Für die weiteren Einzelheiten sollte die Auskunft der zuständigen ausländischen Steuerbehörde bzw. der fachkundige Rat eines Steuerberaters, der sich mit dem jeweiligen Landesrecht auskennt, eingeholt werden.

Kommt es aufgrund der Ausnahmen zur Veranlagung in Frankreich, so muss sich das deutsche Unternehmen beim Finanzamt und insbesondere beim „ service des impôts des résidents étrangers“ (10, rue du Centre, 93465 Noisy-le-Grand cedex) registrieren. Dies bedeutet, dass das deutsche Unternehmen in Frankreich Umsatzsteuererklärungen (monatlich, saisonal oder quartalsmäßig) abgeben muss. Bei regelmäßiger betrieblicher Aktivität muss die TVA entweder monatlich oder quartalsmäßig je nach der jährlichen an die französische Steuerverwaltung abzuführenden Summe erklärt werden. Bei unregelmäßiger betrieblicher Aktivität muss eine Umsatzsteuererklärung dann abgegeben werden, wenn im Monat zuvor aufgrund betrieblicher Aktivität die TVA fällig wurde.

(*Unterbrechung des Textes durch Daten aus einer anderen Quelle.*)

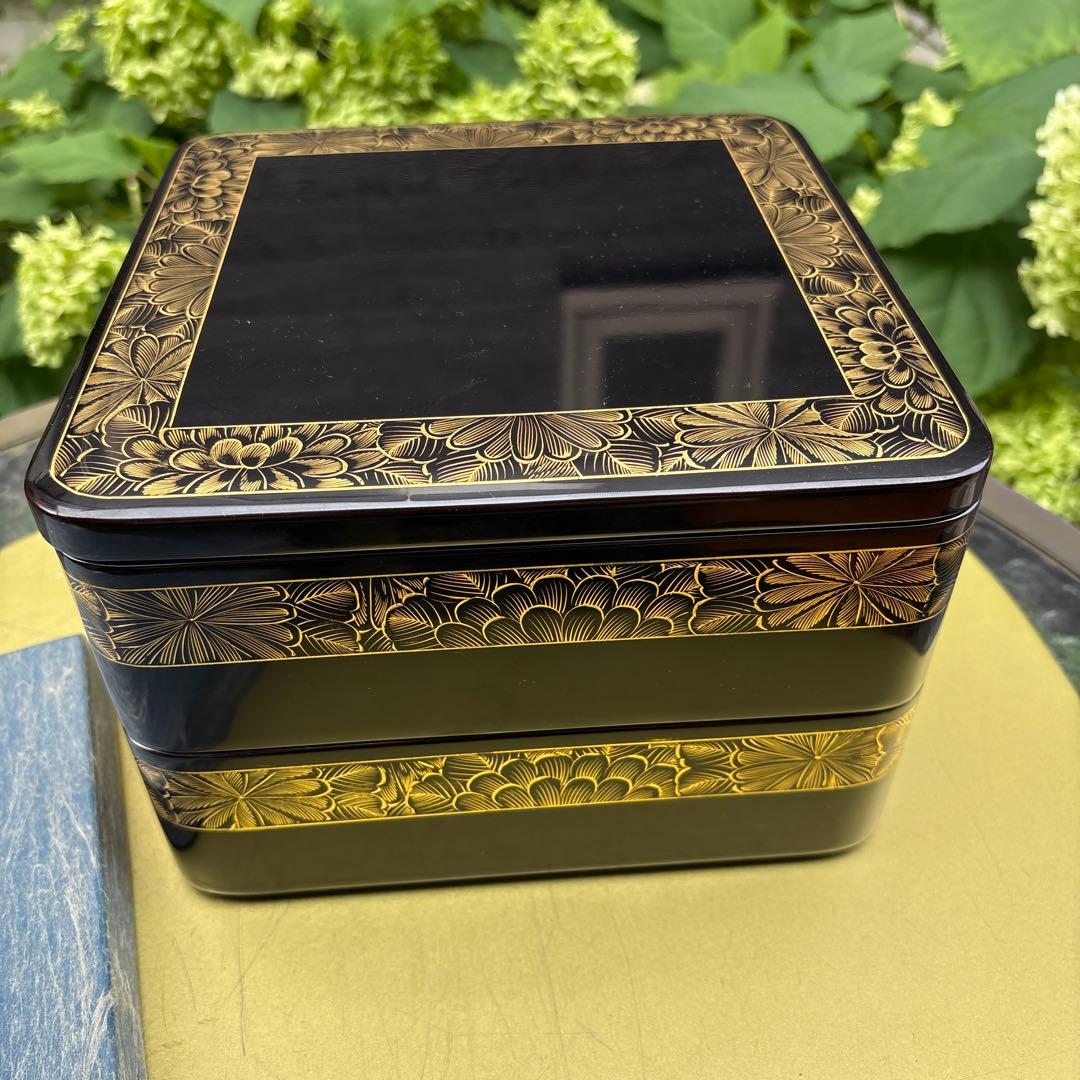 輪島塗・菊・沈金・二段重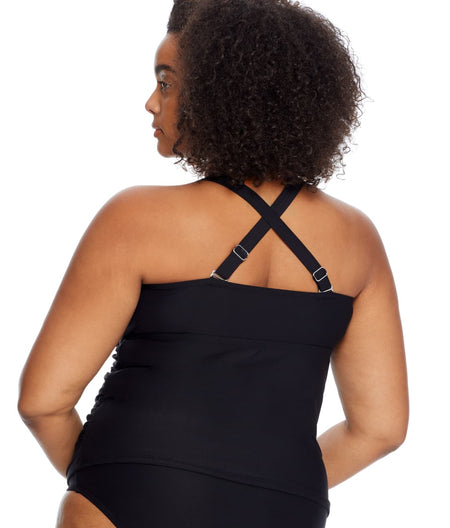 Plus Size Eco Onyx Shirred Underwire Tankini Top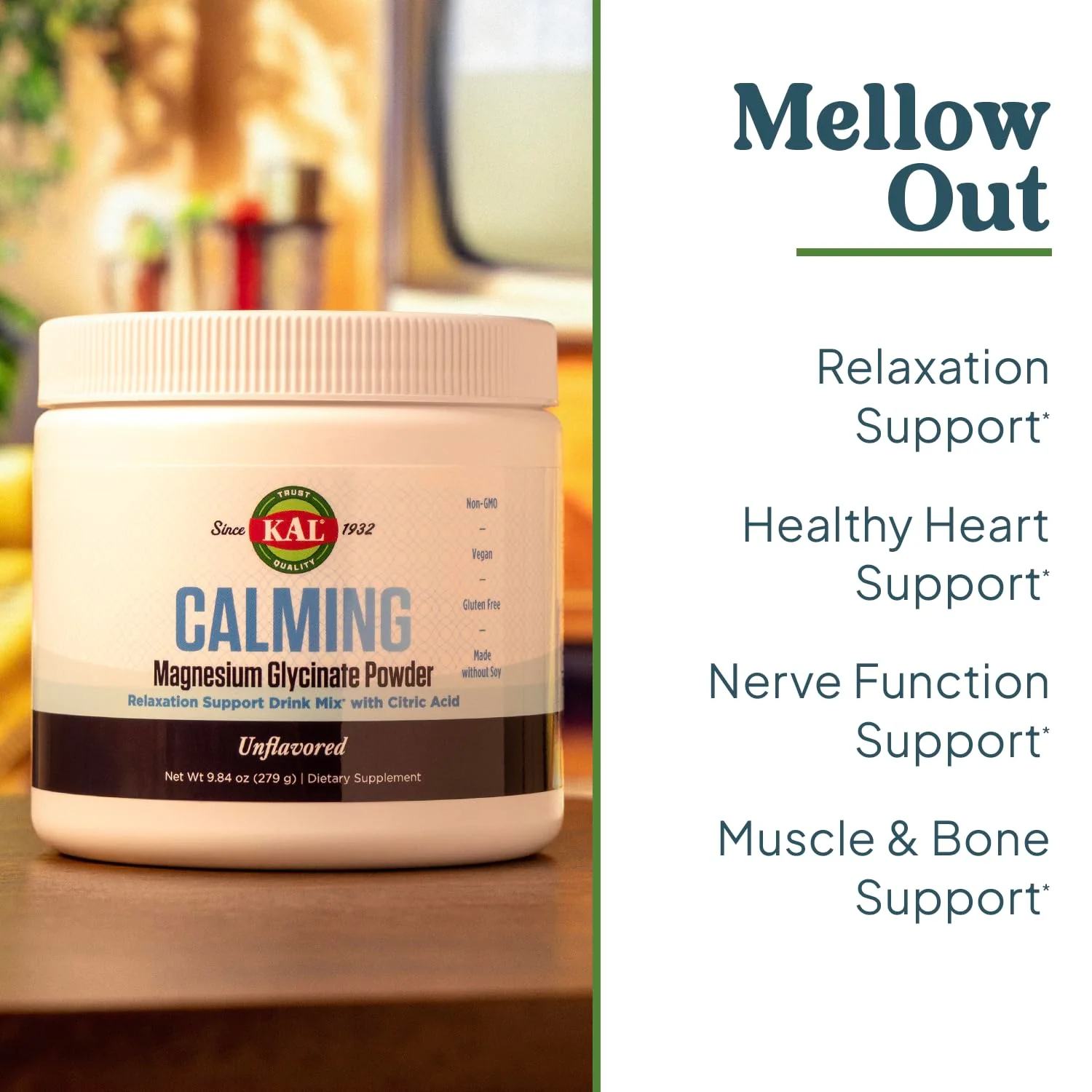 KAL Calming Magnesium Glycinate Powder Plus Citric Acid - Unflavored - Nervous System, Bone and Relaxation Support Drink Mix - No Sugar - 60-Day Guarantee, 40 Servings, 8.5 OZ - Image 5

Der Besteuerungsplan (monatlich, quartalsmäßig oder saisonal) wird von der zuständigen Steuerverwaltung entschieden.

Die Umsatzsteuererklärung erfolgt in Frankreich zwingend online auf der Website der Steuerverwaltung. Dafür muss auf dieser Website ein Konto angelegt werden. Es können keine Steuererklärungen mehr auf postalischem Weg vorgenommen werden.

Eine zusammenfassende Erklärung oder Jahreserklärung über die monatlichen/ quartalsmäßigen/saisonalen Erklärungen hinaus ist nicht notwendig.

Ein Fiskalbeauftragter kann deutschen Unternehmen dabei helfen, diese steuerlichen Verpflichtungen gegenüber dem Finanzamt in Frankreich zu erledigen.

7.4 Umsatzsteuervoranmeldung bei Ausnahmen

In den französischen Umsatzsteuererklärungen muss die Angabe, dass die französische Umsatzsteuer geschuldet wird, aber vom Empfänger der Leistung an die französische Finanzverwaltung abzuführen ist, in Zeile 7A « ventes de biens ou prestations de services réalisées par un assujettis non établi en France »  der Umsatzsteuererklärung erfolgen.